Posto isso, os argumentos e teses ora esposados conduzem a conclusão de que a contratação direta com base na dispensa de licitação por emergência, ainda que em caso de “emergência fabricada”, terá assegurada sua legalidade e licitude, uma vez cabalmente demonstrados a potencialidade do dano o qual pretende combater, bem como a comprovação técnica de que o objeto a ser adquirido por meio da dispensa é essencial para a diminuição ou inocorrência do prejuízo. 

Concluimos com o doutrinador Antônio Carlos Cintra do Amaral (em “Licitações nas empresas estatais” – São Paulo, McGraw Hill, 1979, pg. 54):

“a emergência é caracterizada pela inadequação do procedimento formal licitatório ao caso concreto. Em outras palavras, um caso é emergência quando reclama solução imediata, de tal modo que a realização de licitação, com os prazos e formalidades que exige, pode causar prejuízo relevante ou comprometer a segurança de pessoas, obras, serviços ou bens, ou ainda provocar a paralisação ou prejudicar a regularidade de suas atividades específicas”.


EMERGÊNCIA E CALAMIDADE PÚBLICA: O SURGIMENTO DE UM NOVO CRITÉRIO DE DEFINIÇÃO

Como sabido, o conceito de emergência e calamidade pública é subjetivo. Necessário se faz, portanto, cautela em sua determinação.

O juízo do administrador, neste caso, mostra-se temerário. A solução: adoção de um critério objetivo de análise.

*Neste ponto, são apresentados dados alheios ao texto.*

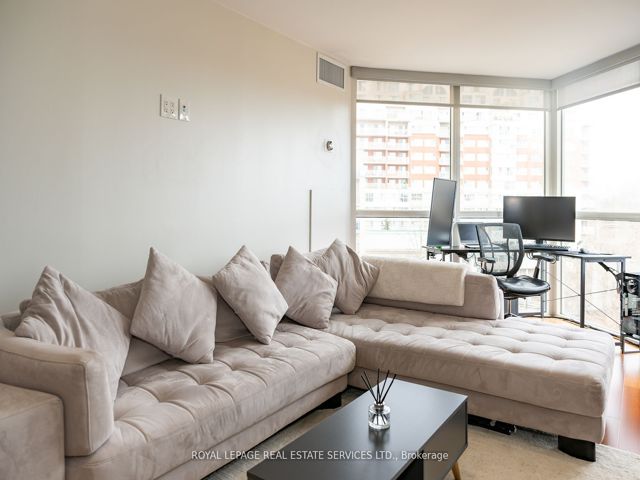 212 - 7 Concorde Pl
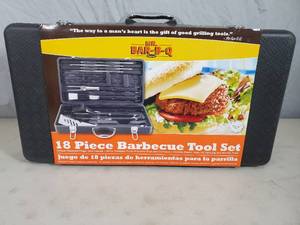 New 18 Piece BBQ Tool Set in Case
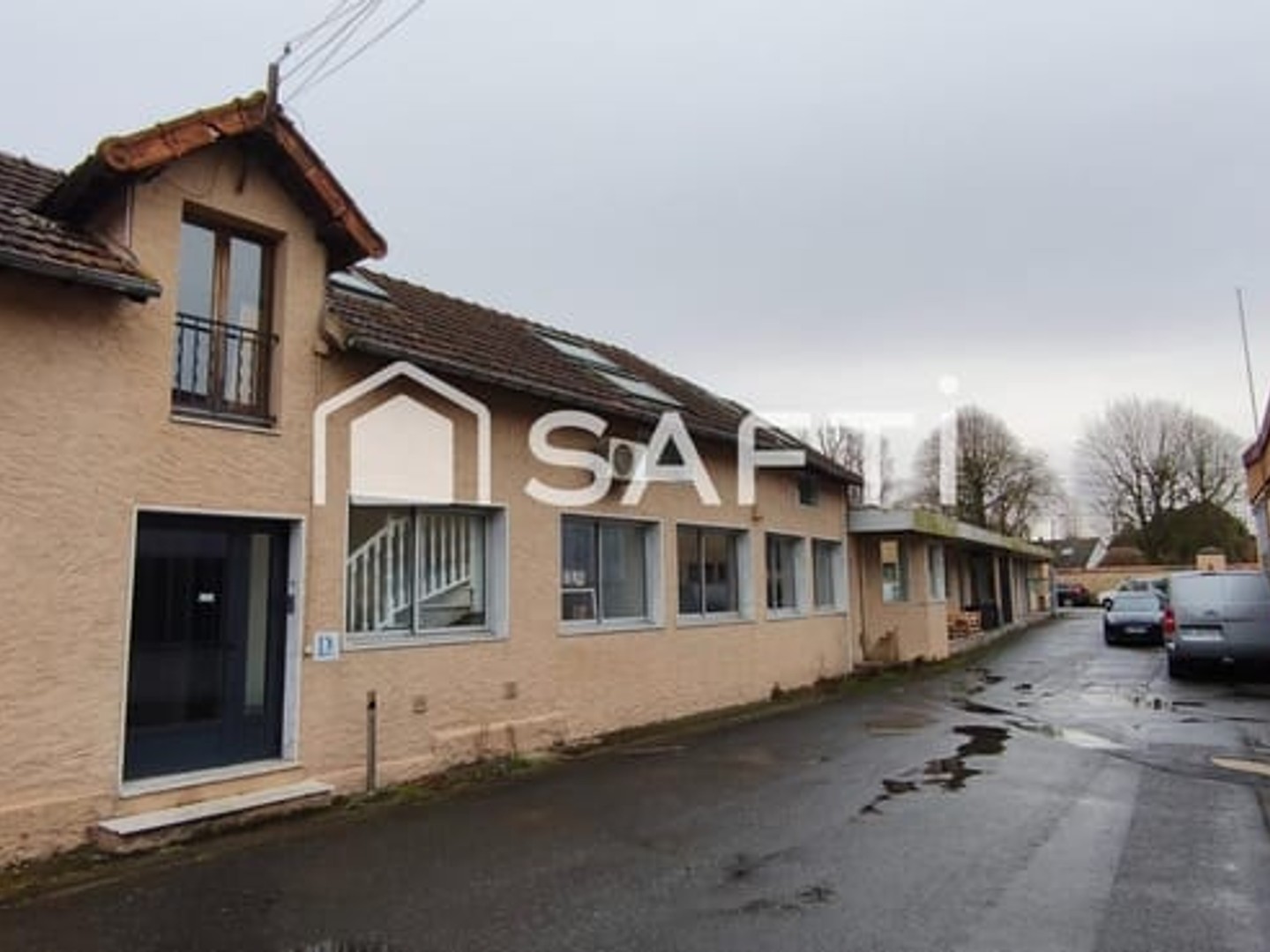 Bureaux 16 pièces 2445 m²
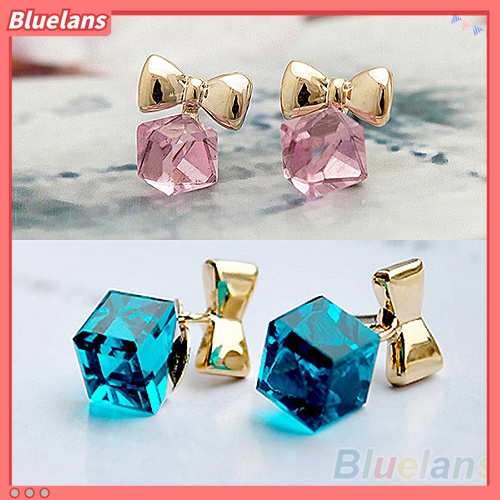 Anting Stud Berlian Imitasi Berkilau Bentuk Pita Kubus Untuk Wanita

Para estabelecer este critério objetivo e seguro propomos estabelecer dois patamares extremos da conceituação. De um lado, a definição de emergência e calamidade pública para fins de transferência de recursos e de outro, a chamada “emergência fabricada”, hoje admitida pelo Tribunal de Contas da União, como visto.

O Decreto nº 7257/2010 define emergência e calamidade pública para fins de transferência de recursos da União para outros entes federativos.

Diz o artigo 2º, incisos III e IV,  do referido decreto:

III - situação de emergência: situação anormal, provocada por desastres, causando danos e prejuízos que impliquem o comprometimento parcial da capacidade de resposta do poder público do ente atingido;

IV - estado de calamidade pública: situação anormal, provocada por desastres, causando danos e prejuízos que impliquem o comprometimento substancial da capacidade de resposta do poder público do ente atingido;

Ainda, o decreto 5376/05, revogado pelo decreto 7257/10, esclarecia ainda que:

  Situação de emergência: o reconhecimento pelo poder público de situação anormal, provocada por desastres, causando danos superáveis pela comunidade afetada.

Estado de calamidade pública: o reconhecimento pelo poder público de situação anormal, provocada por desastres, causando sérios danos à comunidade afetada, inclusive à incolumidade ou à vida de seus integrantes.”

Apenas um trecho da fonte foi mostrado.